* REQUIREMENT *
Make an exact copy of the listing so that no picture is carried over.

* GIVEN INFORMATION *
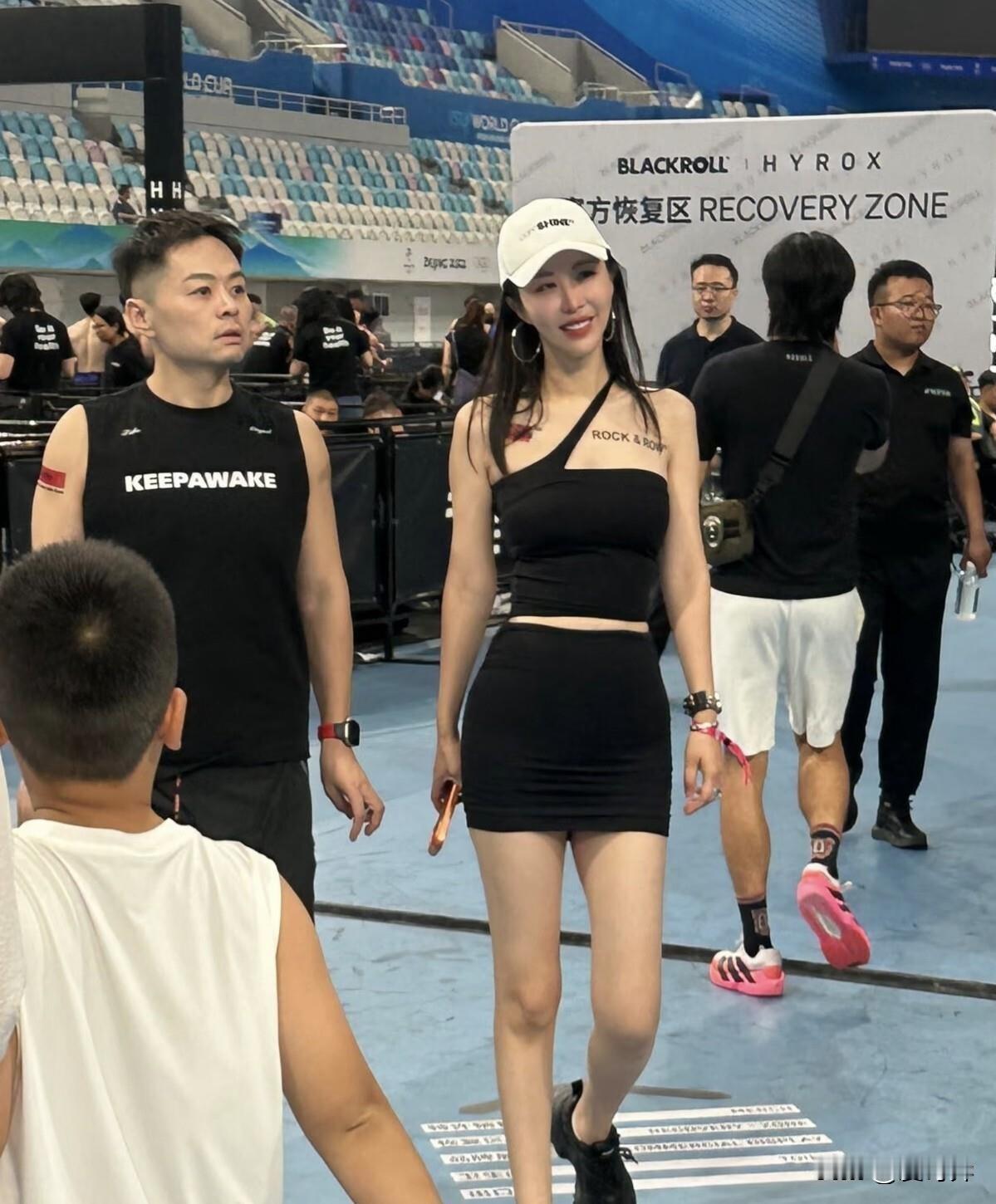 75岁的老头，为了证明自己身子还行，拼命参加体能比赛。女方这边，卖力晒出二人的相
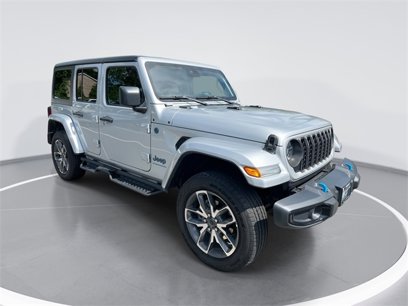 Used 2024 Jeep Wrangler Unlimited w/ Convenience Group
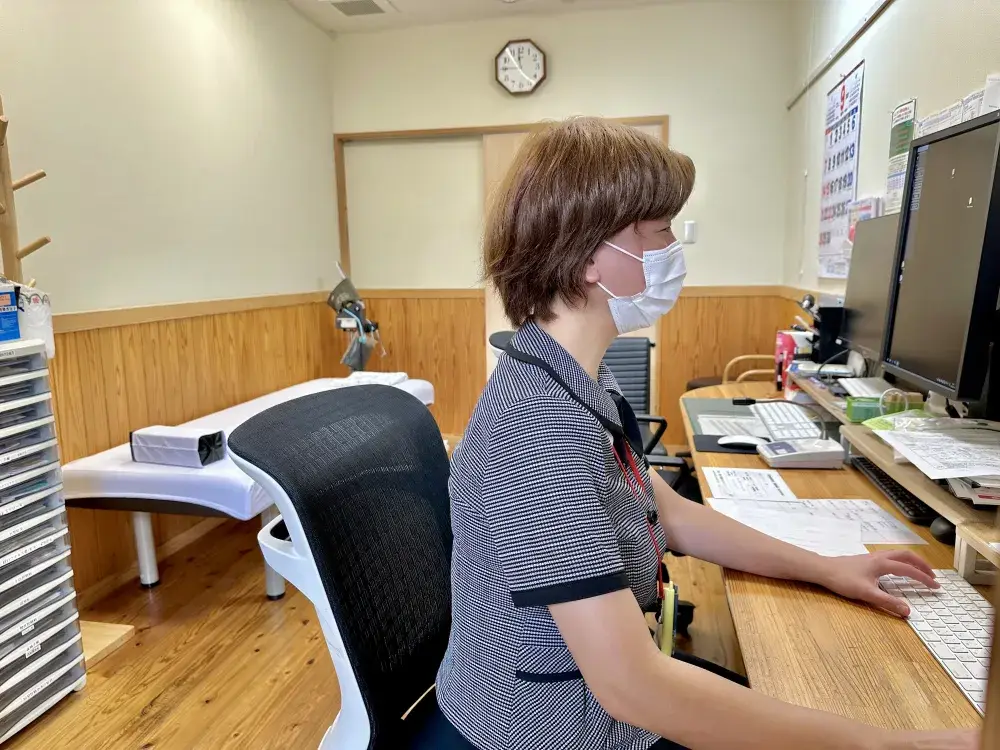 土日祝＋水金お休み！免許・資格不問！医療事務スタッフ募集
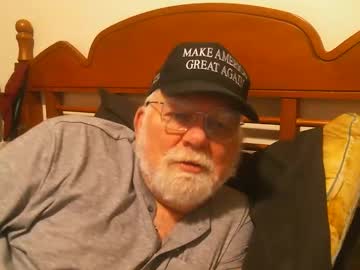Slydevi1 Chaturbate stream image from May 17, 2025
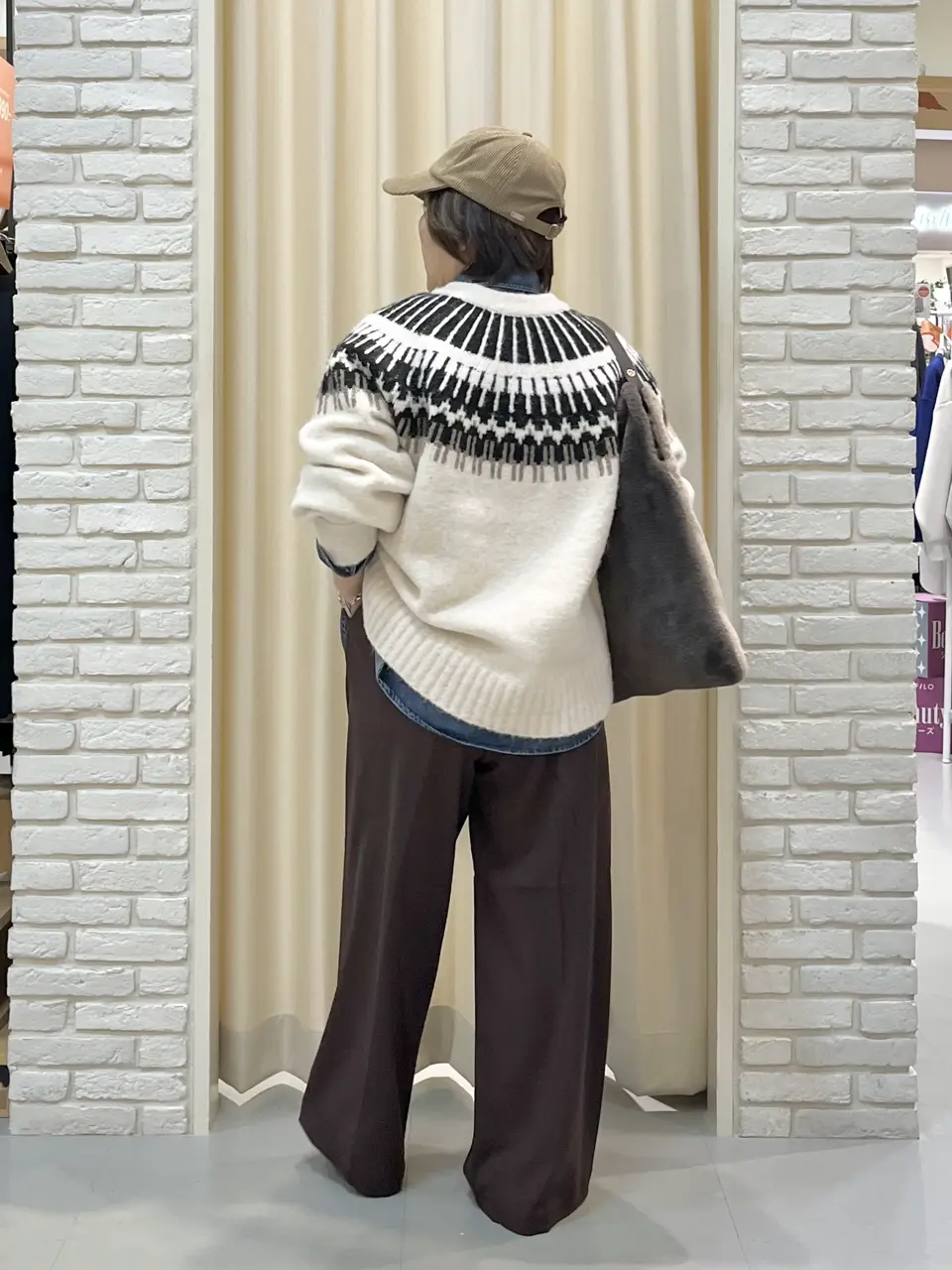 ONWARD CROSSET SELECT 吉田 コーディネート画像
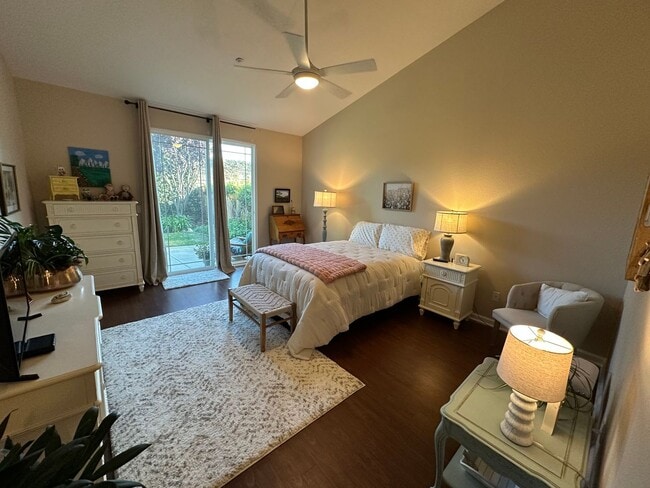 Building Photo - La Ventana Estates 3 bdrm Townhome Available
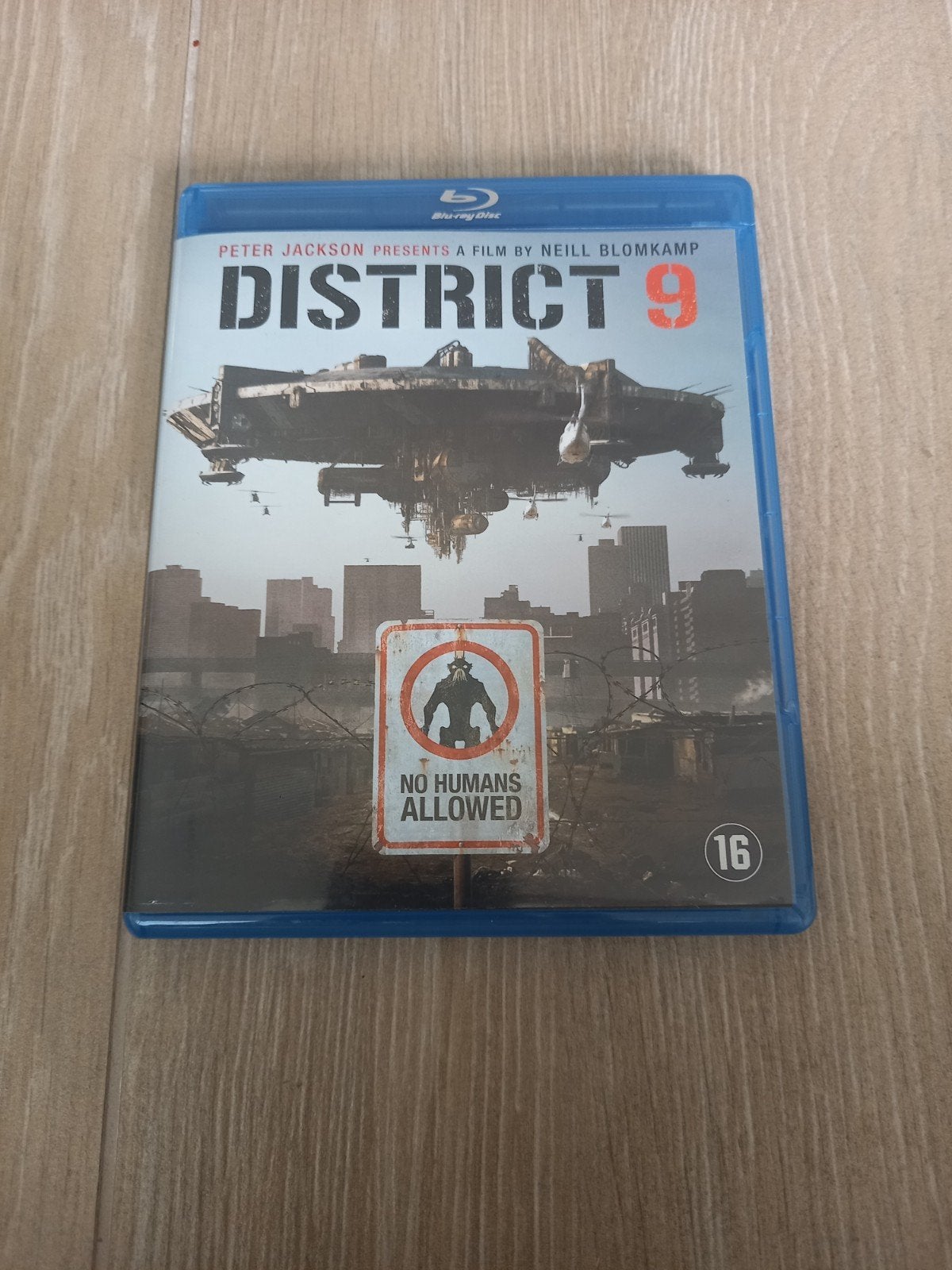 District 9 origineel, Ophalen of Verzenden, Zo goed als nieuw
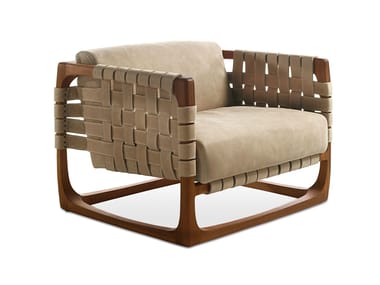 Bungalow - Leather armchair with armrests and wooden structure by Riva 1920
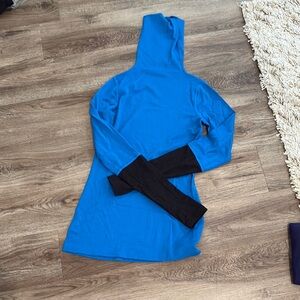 Lululemon Athletica Bright blue turtleneck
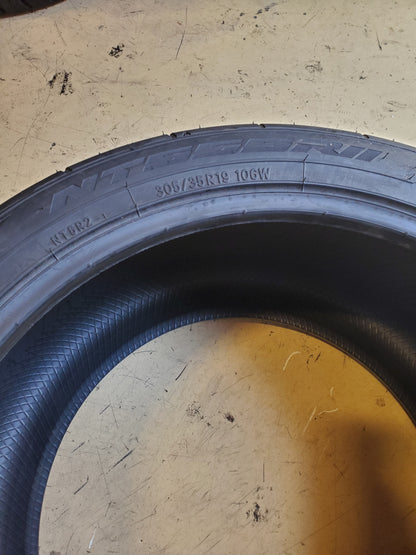 NITTO NT555RII BSW P 305 35 19 106W XL RACING TIRE 108640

* YOUR RESPONSE *
 75岁的老头，为了证明自己身子还行，拼命参加体能比赛。女方这边，卖力晒出二人的相
 Used 2024 Jeep Wrangler Unlimited w/ Convenience Group
 土日祝＋水金お休み！免許・資格不問！医療事務スタッフ募集
Slydevi1 Chaturbate stream image from May 17, 2025
 ONWARD CROSSET SELECT 吉田 コーディネート画像
 Building Photo - La Ventana Estates 3 bdrm Townhome Available
 District 9 origineel, Ophalen of Verzenden, Zo goed als nieuw
 Bungalow - Leather armchair with armrests and wooden structure by Riva 1920
 Lululemon Athletica Bright blue turtleneck
 NITTO NT555RII BSW P 305 35 19 106W XL RACING TIRE 108640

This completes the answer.